◆ TASK TO COMPLETE
Every line below from the one with "6 soverom Villa" through the one with "Hébergement de vacances" should be retyped exactly, both ends included; no other lines and no pictures.

◆ GIVEN DATA
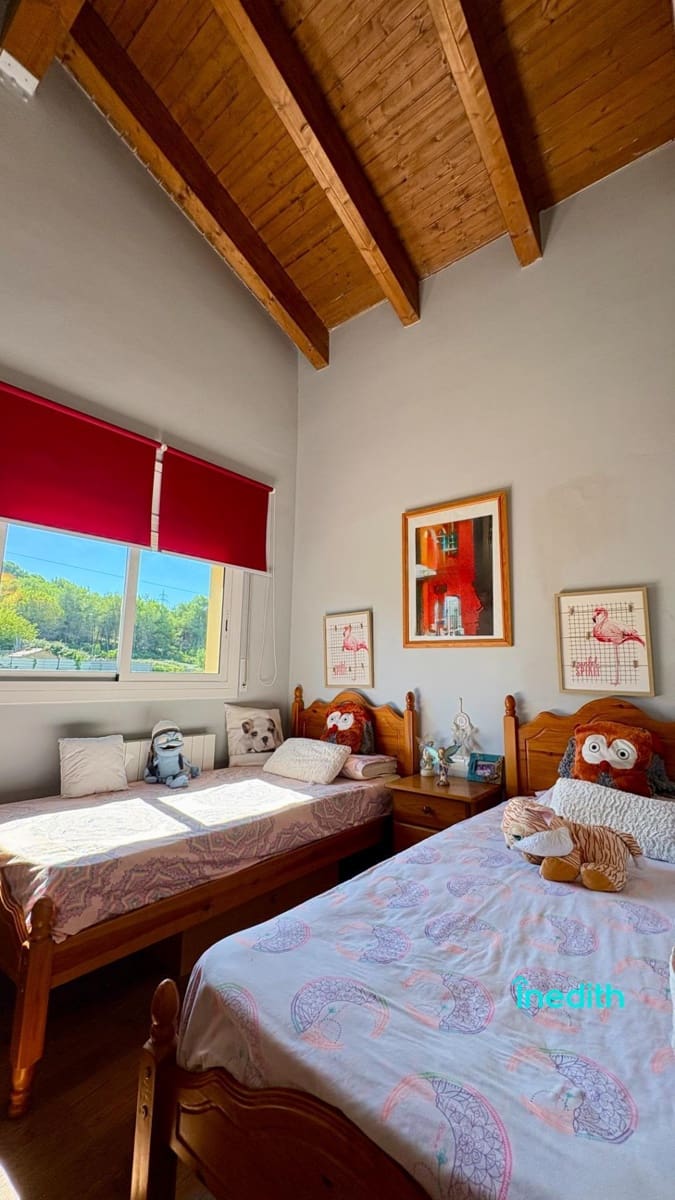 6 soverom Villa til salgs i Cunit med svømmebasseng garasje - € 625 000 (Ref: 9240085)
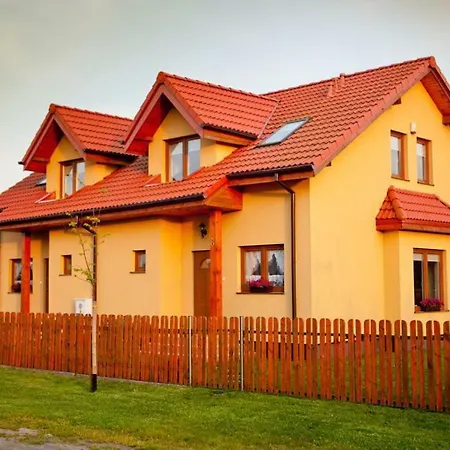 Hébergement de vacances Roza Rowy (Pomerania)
...
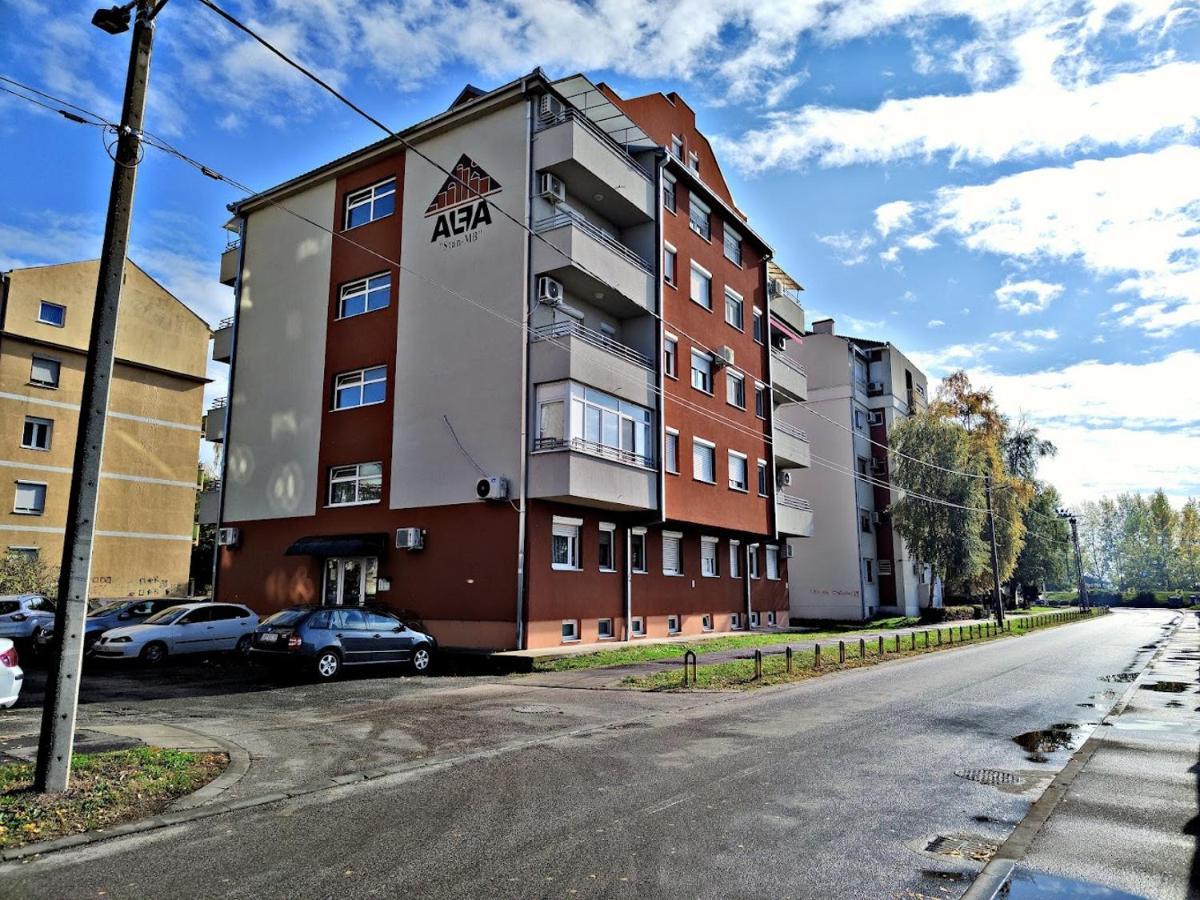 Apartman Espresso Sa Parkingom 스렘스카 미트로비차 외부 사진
...
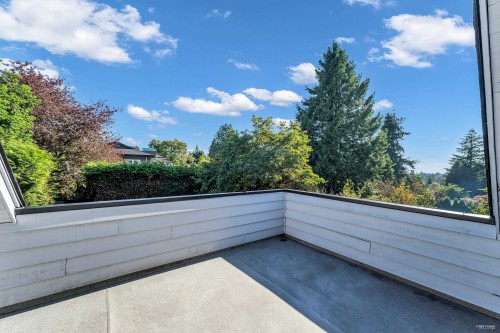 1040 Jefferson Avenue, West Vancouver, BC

◆ RESULT FOR THIS TASK
 6 soverom Villa til salgs i Cunit med svømmebasseng garasje - € 625 000 (Ref: 9240085)
 Hébergement de vacances Roza Rowy (Pomerania)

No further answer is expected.